In the spirit of finding opportunity (and continuity) within limits, we used this semester to expand our website by digitizing previous editions of WV. You can now view any piece published from fall 2017 onward here at wildervoicemag.com. Plumbing Wilder Voice’s recent past has been an instructive experience. We saw names move up the editorial masthead from semester to semester as a generation of Obies shared important reported stories and wrote through perennial and perennially urgent concerns—gender and identity, personal history, family narratives and their multivalent meanings, political activism and performance—with clarity and precision. The pieces differ in focus, from the history of Mercy Hospital to the founding of the ’Sco, from exploring death as exemplified by a beloved family cat to a series of meditations on the body. What ties them together is a willingness to engage and reengage with big questions and established narratives, to examine what’s been received and endeavor to understand it in a new light—or perhaps rethink it wholesale.

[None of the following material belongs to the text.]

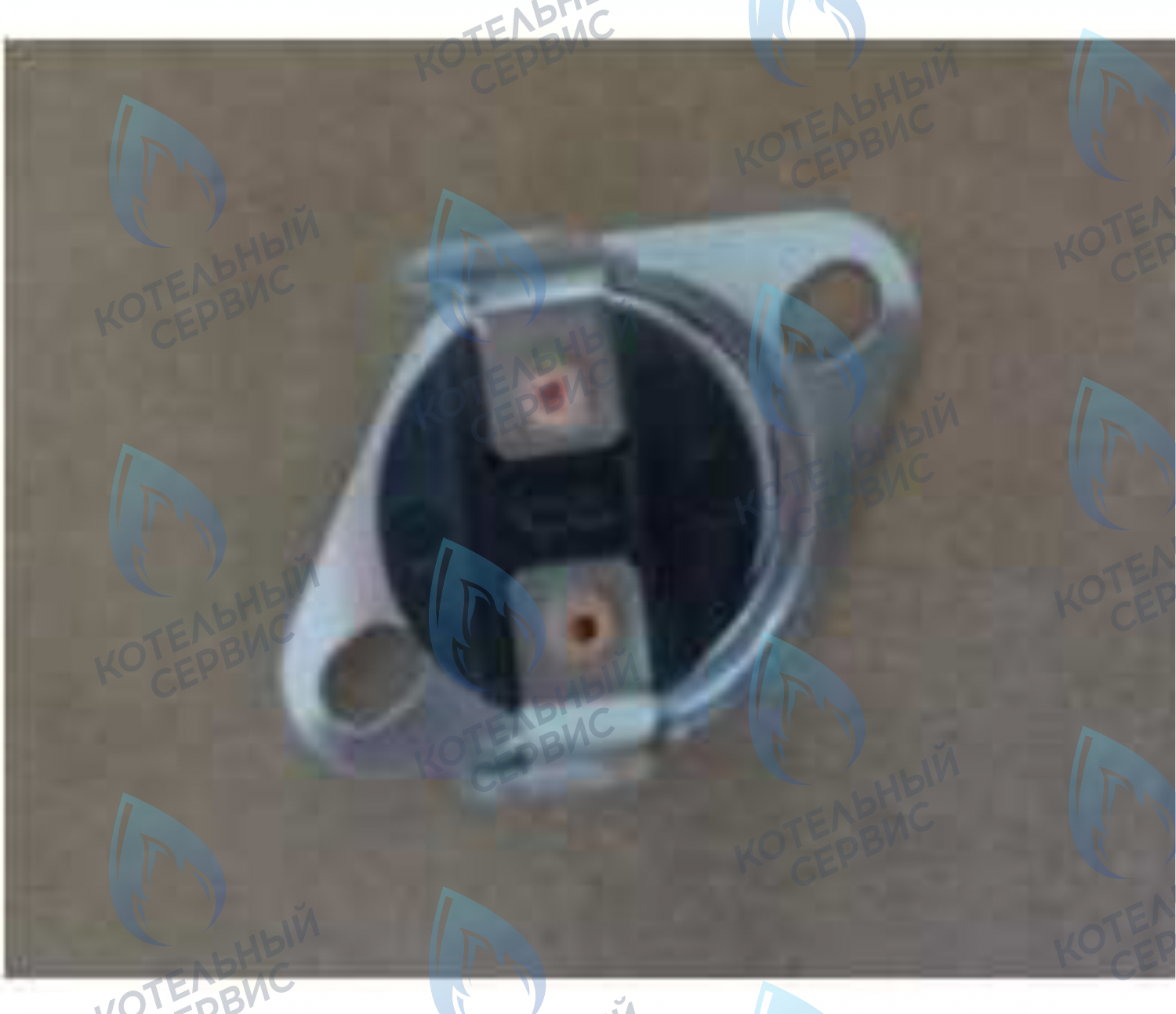 EC-019 Термостат перегрева 95 C ALPHATHERM SIGMA ECO PTD 14 / 18 / 24 в Орске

To further this commitment to complexity, we’ve encouraged our contributors in this issue to write longer and deeper, giving their voices more breathing room on the page in order to grapple with events and ideas in all of their intricacies. Lila Templin describes their disillusionment with Oberlin’s culture of wealth and the ways that students conceal their class privilege (“Unequal Footing”). Lilyanna D’Amato returns to her favorite children’s books and relearns to see the world in a new way (“The World from Below”). And Jemma Johnson-Shoucair explores hubris in the second Star Wars prequel and the groundbreaking technology behind it (“The Lucas Effect”). As always, their work is presented alongside striking student artwork, including Vincent Zhu’s photo series Cracked and a series of collages from Katie Frevert.
“The Lucas Effect” is one of two essays appearing in this issue under the heading “Diagnoses.” In this new department, writers articulate and interrogate problems of their choosing, exploring the “why” beyond the “what.” It’s not a space for crankiness so much as a space for synthesis through criticism; the intention is not simply to dunk on vexing phenomena, but to understand them.
As the spring semester comes to a close and we enter a summer of optimism and uncertainty, negotiating limits will remain a pressing task. After an unconventional but rewarding year serving as Wilder Voice’s EICs, we are excited to hand off the first-ever summer installment of Wilder Voice to our incoming Senior Staff: Alexander Saint Franqui, Dorothy Levine, Clara Rosarius, and Fiona Warnick. Their talents have already helped shape the magazine, and we are confident that they will continue to make Wilder Voice a home for Oberlin’s talented body of writers and artists.